==== Listed records

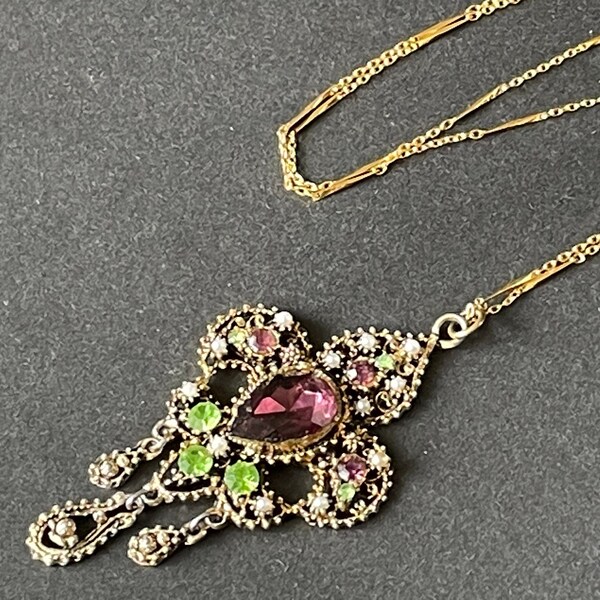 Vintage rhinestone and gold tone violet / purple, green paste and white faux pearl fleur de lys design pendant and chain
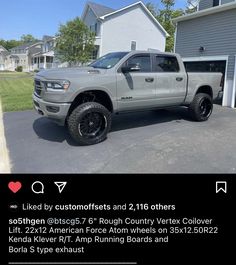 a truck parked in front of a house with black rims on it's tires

========
==== Listed records

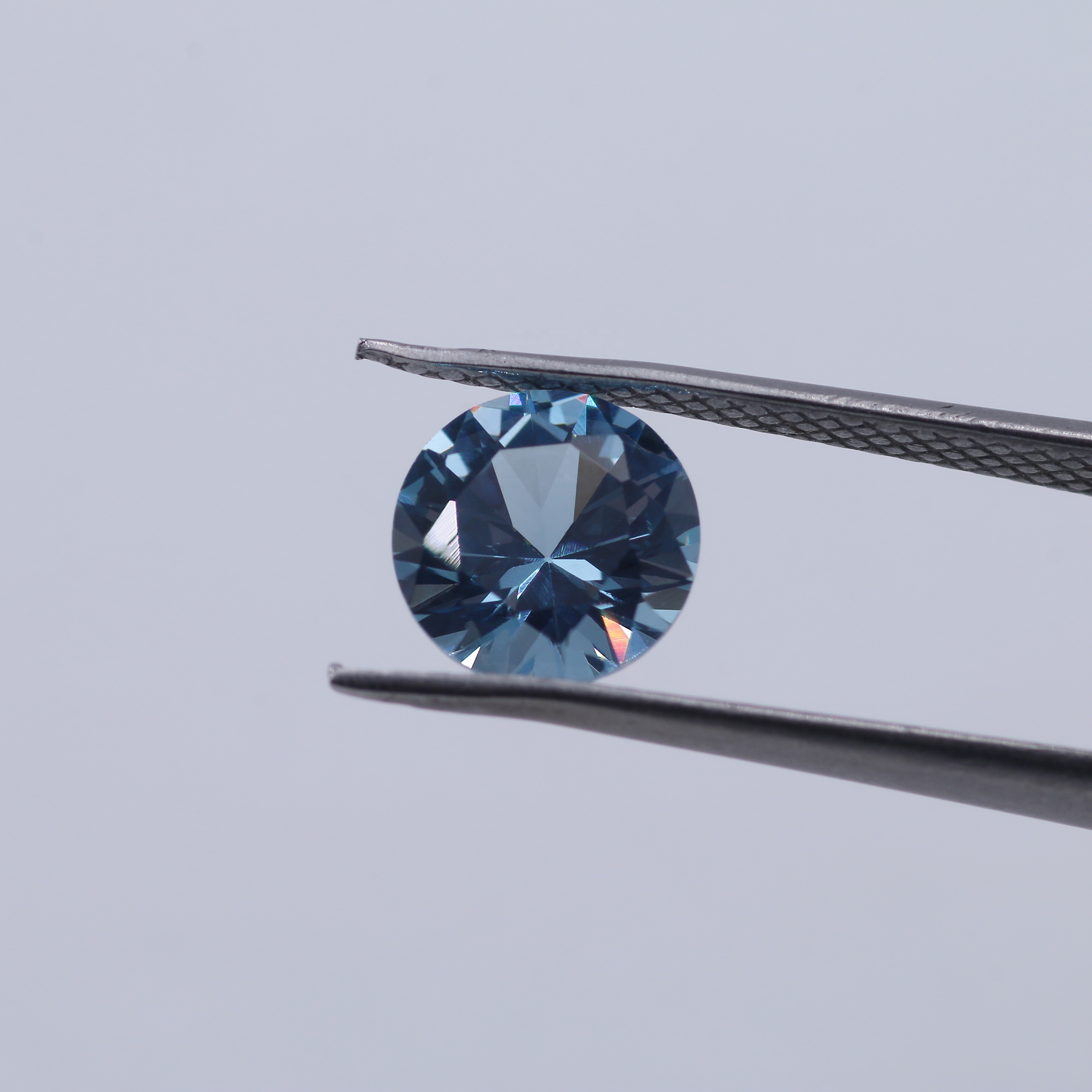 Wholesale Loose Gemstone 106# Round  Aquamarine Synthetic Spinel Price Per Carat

========

* _Task to carry out_
Set the pictures aside and transcribe exactly the stretch of lines above, beginning with the one holding "Vintage rhinestone and" and ending with the one holding "a truck parked".

* _Answer box_
 Vintage rhinestone and gold tone violet / purple, green paste and white faux pearl fleur de lys design pendant and chain
 a truck parked in front of a house with black rims on it's tires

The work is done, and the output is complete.